Certaines vocations surviennent tard dans la vie, à cet âge où le temps à déjà façonné les êtres que nous sommes. D’autres surgissent entre l’adolescence et le début de l’âge adulte, à cette période de notre existence où tout, jusqu’à notre identité, est remis en question. Et puis il y a celle qui n’ont, en apparence, aucune origine. Dites-moi : j’avais quel âge quand je suis née ?
Depuis quelques mois je me pose souvent une question : « Pourquoi ? »
Pourquoi ces lettres sur ma feuille et ces paysages dans ma tête ; ces lèvres qui remuent à peine, rythme imperceptible des mots, et cette impression qu’une plume à la main je sais enfin danser ?
Je me souviens petite de ces histoires que je racontais à ma mère avant qu’elle ne me dise qu’elle devait faire autre chose, de ces rêves d’enfant qu’on remonte à la réalité et du bout de sa plume suspend aux nuages, de ces envies d’ailleurs et de liberté ainsi que de ces sentiments anonymes que je glissais à leur encontre dans le cœur des personnages dans l’espoir que l’on fasse connaissance.
« Pourquoi ? »
Un court silence, reflux des graviers sur la grève.
« Pour écrire ce que la vie nous interdit et devenir ce que je ne serai jamais.
Pour m’échapper d’un monde un peu trop étroit et coudre des plumes dans le dos des enfants.
Pour accrocher des Lunes aux toits des maisons et peindre dans les forêts des arbres de rouille.
Pour une voix dans ma tête, ce regard innocent qui réclame des histoires et des tableaux où s’endormir. »
Les syllabes que l’on sépare et les lettres qui se font lourdes, comme gorgées d’encre.
« Pourquoi ? »
L’impatience d’une plume.
« Parce que. »


C’était le troisième tableau qui bénéficiait de la plupart de son attention.
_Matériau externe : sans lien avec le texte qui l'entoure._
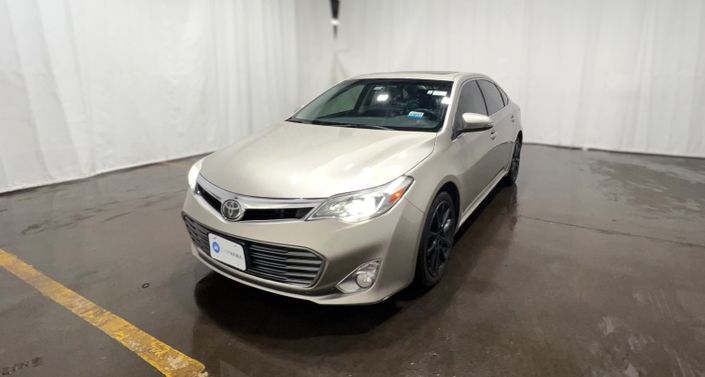 Thumbnail: 2015 Toyota Avalon - 1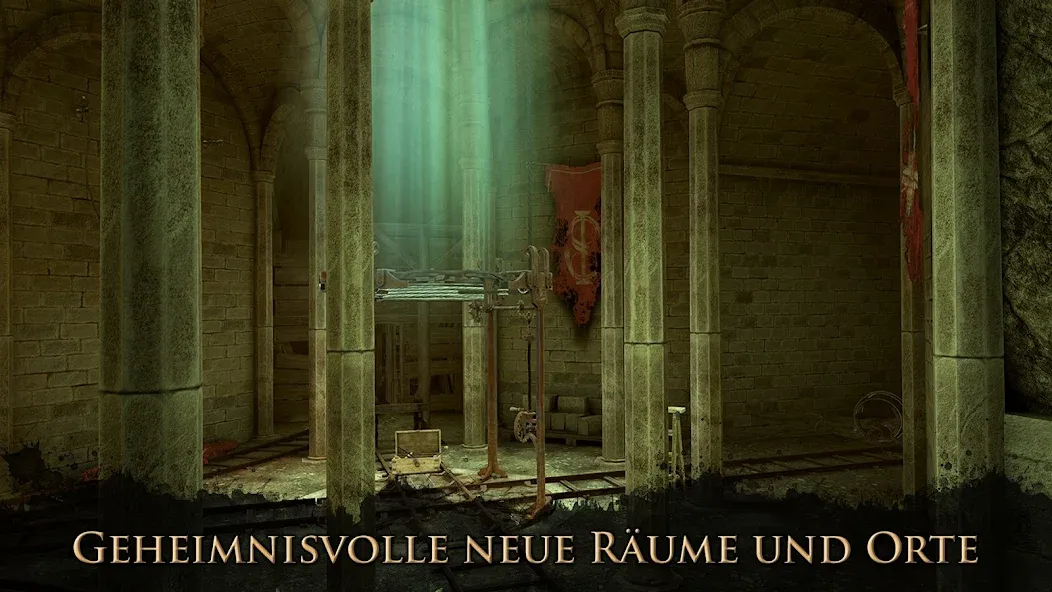 The House of Da Vinci 3 screenshot 4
Il pouvait rester des heures assis face à lui à observer la brusque déchirure de l’espace, les rails qui sombraient dans l’oubli et les arbres dont les branches semblaient soudain se briser. Toile écartelée.
On racontait que c’était une représentation de la surface mais au fond qu’en savait-on réellement ? Après la Catastrophe les survivants s’étaient réfugiés sous terre et avaient battis le Souterrain. Toutefois cela devait faire des décennies voir des siècles que personne n’était remonté à la surface et nul ne savait d’où provenait ces tableaux. Certains parlaient d’un peintre fou de l’ancien temps ou encore de reliques d’avant la Catastrophe mais cela faisait longtemps que nul ne s’était de nouveau intéressé à l’origine de ces tableaux, les habitants n’y trouvant aucun profit et les historiens préférant se pencher sur la Catastrophe elle même.
Les rumeurs sont orphelines.
Il l’appelait le Tableau malade et depuis qu’il l’avait découvert il hantait ses nuits. Un battement de paupière et des notes de couleurs semblaient éclore dans l’ombre, bulles de savon qui éclatent. Tous les jours en l’observant il songeait à sa résolution de le soigner, à ce rêve qui s’était immiscé en lui d’achever le tableau. Il ne se rappelait pas comment cette idée lui était apparu. C’était comme si, gravé en lui, il y avait toujours eu la certitude que ses petites touches de couleur éparses pourraient un jour enfanter un paysage.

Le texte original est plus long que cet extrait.